Le passage de l’industrie au service: une révolution

Les constructeurs sont conscients que, désormais, les activités de service seront une source importante de revenus. Ils sont disposés à proposer des services de communication, de divertissement, des options en ligne. La voiture électrique ayant des temps de chargement longs, elle doit permettre à ses utilisateurs soit de se distraire, soit de travailler. La voiture autonome donnera lieu à une amplification des activités de service étant donné qu’il n’y aura plus que des passagers. Dans les prochaines années, le concept de voiture partagée, de voiture louée pour la réalisation de trajets précis se développera, la location prenant ainsi le pas sur l’achat. Stellantis s’attend à ce que ses revenus de logiciels et de services atteignent 4 milliards d’euros par an d’ici 2026 et 20 milliards d’euros d’ici 2030, avec des marges de 20 %, soit le double de celles qu’enregistrent des constructeurs automobiles haut de gamme. La difficulté pour les constructeurs est de faire passer le principe du service payant. La concurrence pourrait amener à une généralisation de la gratuité relative. L’option de la conduite automatique pourra certainement donner lieu à une facturation, mais il sera plus difficile de faire de même avec le chauffage des sièges.
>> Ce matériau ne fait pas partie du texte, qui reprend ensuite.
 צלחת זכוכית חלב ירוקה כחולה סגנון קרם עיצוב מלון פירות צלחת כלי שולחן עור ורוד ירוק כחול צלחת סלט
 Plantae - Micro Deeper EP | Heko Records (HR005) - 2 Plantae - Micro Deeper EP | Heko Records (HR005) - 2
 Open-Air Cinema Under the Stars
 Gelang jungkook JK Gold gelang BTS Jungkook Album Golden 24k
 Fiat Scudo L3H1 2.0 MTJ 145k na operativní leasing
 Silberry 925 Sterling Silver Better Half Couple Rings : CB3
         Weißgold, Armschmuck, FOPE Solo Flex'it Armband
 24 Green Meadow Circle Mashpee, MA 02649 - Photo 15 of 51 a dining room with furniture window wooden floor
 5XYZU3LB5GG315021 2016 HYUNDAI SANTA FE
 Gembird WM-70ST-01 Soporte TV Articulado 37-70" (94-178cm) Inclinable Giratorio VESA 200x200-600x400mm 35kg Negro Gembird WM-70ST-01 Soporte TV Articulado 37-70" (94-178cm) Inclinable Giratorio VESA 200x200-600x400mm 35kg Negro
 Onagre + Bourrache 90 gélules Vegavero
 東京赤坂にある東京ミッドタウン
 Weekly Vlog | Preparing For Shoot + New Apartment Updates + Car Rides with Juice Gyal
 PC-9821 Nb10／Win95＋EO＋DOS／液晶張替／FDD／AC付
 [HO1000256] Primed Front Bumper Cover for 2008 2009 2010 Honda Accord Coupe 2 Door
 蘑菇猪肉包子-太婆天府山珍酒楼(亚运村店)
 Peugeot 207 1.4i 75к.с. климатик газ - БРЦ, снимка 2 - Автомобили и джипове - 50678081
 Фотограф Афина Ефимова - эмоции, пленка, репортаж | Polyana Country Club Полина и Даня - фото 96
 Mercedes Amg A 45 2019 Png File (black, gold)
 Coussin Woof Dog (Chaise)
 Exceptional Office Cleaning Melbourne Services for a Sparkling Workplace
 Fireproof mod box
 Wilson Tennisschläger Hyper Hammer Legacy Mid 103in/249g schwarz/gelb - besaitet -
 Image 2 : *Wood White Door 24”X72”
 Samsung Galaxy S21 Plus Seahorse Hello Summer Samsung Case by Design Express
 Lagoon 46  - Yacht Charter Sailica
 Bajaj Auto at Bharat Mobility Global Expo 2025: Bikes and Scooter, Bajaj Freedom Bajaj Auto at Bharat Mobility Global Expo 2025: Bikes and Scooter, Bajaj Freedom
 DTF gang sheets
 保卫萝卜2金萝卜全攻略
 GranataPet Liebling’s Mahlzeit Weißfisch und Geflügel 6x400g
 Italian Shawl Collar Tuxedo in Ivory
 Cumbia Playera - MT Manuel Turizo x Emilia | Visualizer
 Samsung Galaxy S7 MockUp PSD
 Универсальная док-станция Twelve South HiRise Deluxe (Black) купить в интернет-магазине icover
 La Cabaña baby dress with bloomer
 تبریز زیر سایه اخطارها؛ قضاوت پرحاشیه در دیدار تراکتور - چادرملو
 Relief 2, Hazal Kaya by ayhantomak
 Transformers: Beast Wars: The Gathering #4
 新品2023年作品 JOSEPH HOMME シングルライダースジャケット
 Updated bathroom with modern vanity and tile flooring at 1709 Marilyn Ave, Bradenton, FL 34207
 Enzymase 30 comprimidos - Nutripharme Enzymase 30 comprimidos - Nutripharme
La digitalisation s’impose aux constructeurs, mais les anciens principes d’organisation demeurent. La numérisation n’a pas ainsi pénétré les conseils d’administration ; plus d’un tiers des membres du conseil d’administration des quatre grands constructeurs automobiles allemands sont des ingénieurs en mécanique, et aucun ne vient de l’industrie technologique.